Snap two or more of them together, and you’ve suddenly opened up a world of almost infinite possibilities. Google LEGO creations and be prepared to be amazed:

  • A functioning supercomputer (1,000 bricks plus electronic parts)
  • A full-size Rolls-Royce aircraft engine (152,000 bricks)
  • A detailed recreation of the 2012 London Olympics (over 250,000 bricks)
  • A life-size two-story house with working toilet and shower (3.3 million bricks)
  • A full-scale replica of the Star Wars X-Wing fighter (over 5 million bricks)

In the fifty-five years since it was patented, the LEGO brick has ignited the imaginations of millions of children and adults – and become a universal building block for catalyzing creativity.

What was the secret behind LEGO’s decades of success?

LEGO owes much of its enduring performance to a core set of founding principles that have guided the company for over eighty years:

  • Values are Priceless
  • Relentless Experimentation Begets Breakthrough Innovation
  • Not a Product but a System
  • Tighter Focus Leads to More Profitable Innovation
  • Make It Authentic
  • First the Stores, Then the Kids

Even so, at the height of its success toward the end of the 1990s, LEGO stumbled and almost became a statistic – another failed company.
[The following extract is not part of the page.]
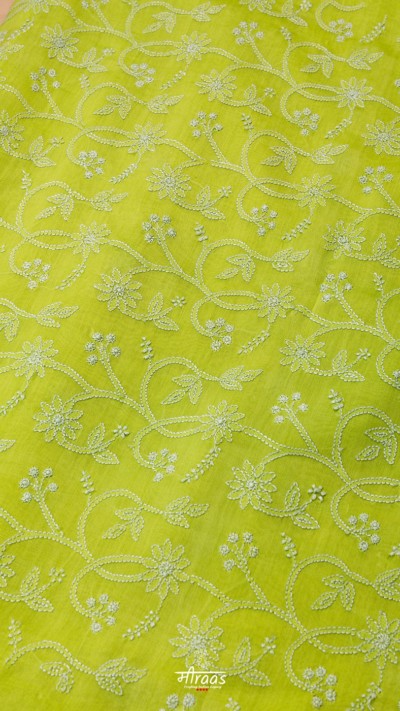 Light Jade Chikankari Cotton Silk Saree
They began to confuse growth with success, literally selling their LEGO systems around the world. Unfortunately, the company’s rapid globalization was not accompanied by sufficient innovation. Technological advances also began to change the nature of play – VCRs, video games, cable TV, computers, the Internet, which claimed an increasingly larger share of the core market of LEGO – children.

Determined to rebound from successive years of loss, the executive team embarked on an ambitious initiative for reigniting growth. The effort was oriented around some of the world’s most popular strategies for developing new products and services.

Seven Innovation Strategies

  • Hire diverse and creative people
  • Head for blue ocean markets
  • Be customer driven
  • Practice disruptive innovation
  • Foster open innovation – heed the wisdom of the crowd
  • Explore the full spectrum of innovation
  • Build an innovation culture

LEGO heeded the proclamations of management strategists and adopted the seven truths of innovation – all of them. For a time, the strategy worked. For a company that was struggling to catch up with a world that was passing it by, there was in inherent logic in the LEGO Group’s pursuit of the seven truths.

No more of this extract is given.